In practical fact, passportization and the isolation of Ukrainian populations leaves hundreds of thousands without effective nationality, neither able to exercise their full rights as Ukrainian citizens nor able to claim the full benefit of Russian nationality. These people are at acute risk of statelessness—the status in which one lacks the nationality of any state—and suffer many of the same ills as actually stateless people.
The relative lack of attention to this issue cedes rhetorical ground to Russia’s preferred casus belli, and leaves a large and growing population vulnerable to pervasive abuse. To preclude passports as pretext to aggression, ensure accountability, and restore to isolated Ukrainian citizens their right to nationality, states must develop stronger legal positions in response to passportization, and support policy efforts to concretize the citizenship of affected Ukrainians.
Russian Passports as a Signal of Intervention
Russia’s playbook for intervention in the post-Soviet space is well-worn. First, relying on expedited procedures, it issues passports to residents of the territory it seeks to dominate. Next, falsifying or exaggerating the extent of harm to passport-carrying foreign residents at the hands of their government, state media broadcasts relentlessly about the right and obligation of the Russian state to intervene to protect its nominal citizens. Then, having directly or through proxies conquered territory, it sets conditions by which residents of conquered territory can acquire Russian citizenship en masse. The fate of the population of passport-holders then serves as justification for renewed aggression.
Passportization has bracketed Russian intervention in South Ossetia, Abkhazia, Transnistria, Crimea, and Donbass. Indeed, though it does not name it as such, Russia wages war under the aegis of a distorted, nationalistic version of the “Right to Protect” doctrine that its leaders have long decried. Where there are red passports and Russian-speakers, the state line goes, Russia has a right to intervene.
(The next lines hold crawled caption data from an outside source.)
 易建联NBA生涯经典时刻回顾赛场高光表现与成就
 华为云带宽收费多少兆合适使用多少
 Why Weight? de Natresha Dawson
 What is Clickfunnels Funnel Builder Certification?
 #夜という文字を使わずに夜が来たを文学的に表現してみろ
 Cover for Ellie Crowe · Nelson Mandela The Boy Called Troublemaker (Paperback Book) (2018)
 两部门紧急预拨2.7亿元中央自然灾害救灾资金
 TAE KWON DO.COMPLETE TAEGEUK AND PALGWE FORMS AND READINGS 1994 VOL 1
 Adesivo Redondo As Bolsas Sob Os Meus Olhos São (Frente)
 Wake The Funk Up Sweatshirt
Donbass Occupation Deprived Ukrainians of Effective Nationality
Observers have long understood passportization as a pretext for aggression, but paid little attention to the effects on those targeted. Recent history is instructive on this latter point. Russia made fast-track naturalization available to residents of occupied Donbass in 2019. In that same territory, tens of thousands of children were born without registering with Ukrainian state organs. An unknown, but likely large number of adults lost the means to prove their Ukrainian citizenship, either because they relinquished their documents in exchange for a Russian or Russian proxy passport, or because military action destroyed evidence of their citizenship.
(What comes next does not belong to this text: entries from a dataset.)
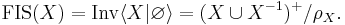 \mathrm{FIS}(X)=\mathrm{Inv} \langle X | \varnothing\rangle=({X\cup  X^{-1}})^%2B/\rho_X.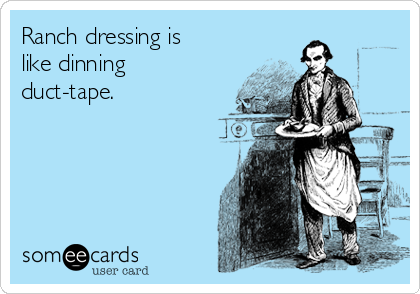 Ranch dressing is
like dinning
duct-tape. 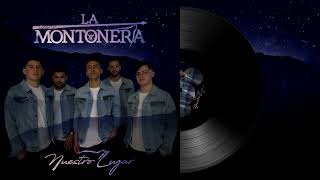 La Montonera  Nuestro Lugar  Álbum Completo [upl. by Gernhard]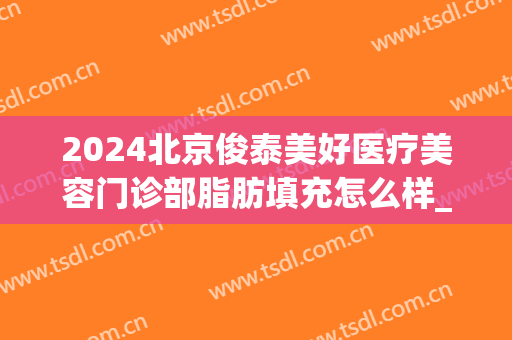 2024北京俊泰美好医疗美容门诊部脂肪填充怎么样_专家介绍_案例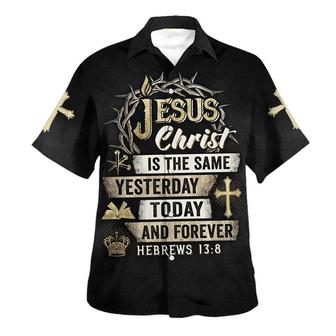 Jesus Christ Is The Same Yesterday Today And Forever Hawaiian Shirt - Seseable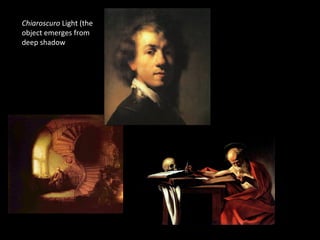 Chiaroscuro Light (the 
object emerges from 
deep shadow 
 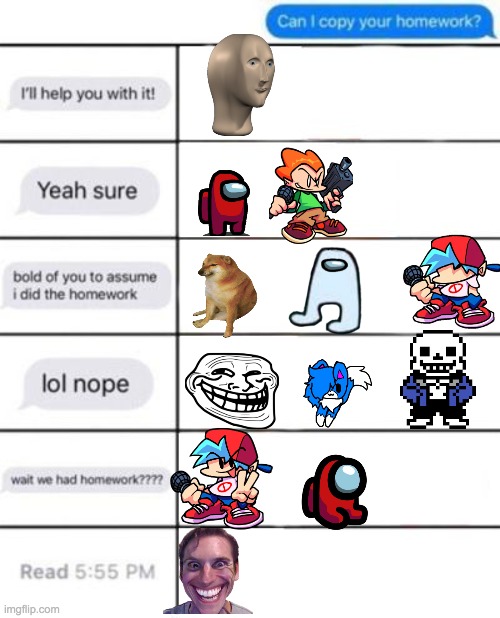 Can i copy your homework | image tagged in can i copy your homework | made w/ Imgflip meme maker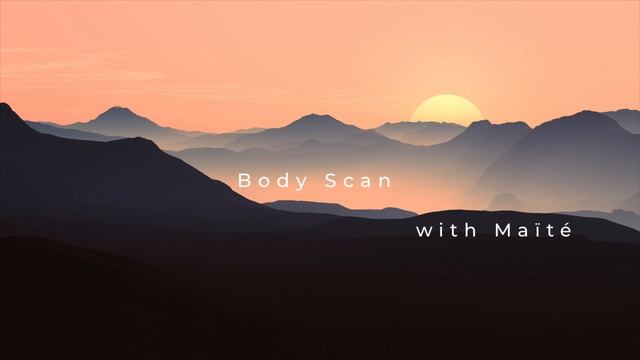 MBSR Guided Practice: Body Scan Meditation - Maïté смотреть онлайн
These people are not stateless. Presuming the ineffectiveness of Russian citizenship acquired through passportization, they largely remain citizens of Ukraine. But lacking proof of nationality, their condition, even before February 2022, resembled that of stateless people. Lacking national identification, the could not travel internationally or, within Ukraine, cross the militarized internal border that separated Ukrainian-held from occupied territory. Those who managed to cross into Ukrainian-held territory could not obtain healthcare, vote, open a bank account, register a marriage, or, in certain instances, proceed beyond primary education. In occupied territory, undocumented individuals were trapped and uniquely vulnerable to abuse, including forced labor and conscription into the armed forces of Russian proxy authorities.
Documents issued by proxy authorities and Russian passports were no remedy. No state recognized proxy documents before February 2022, while Ukraine and Western states refused to recognize Russian fast-track passports issued in Donbass, identifiable by their marked place of residence. Those holding fast-track passports did not even enjoy the benefits of citizenship in Russia; before declared annexation, they could not vote or access Russian social benefits.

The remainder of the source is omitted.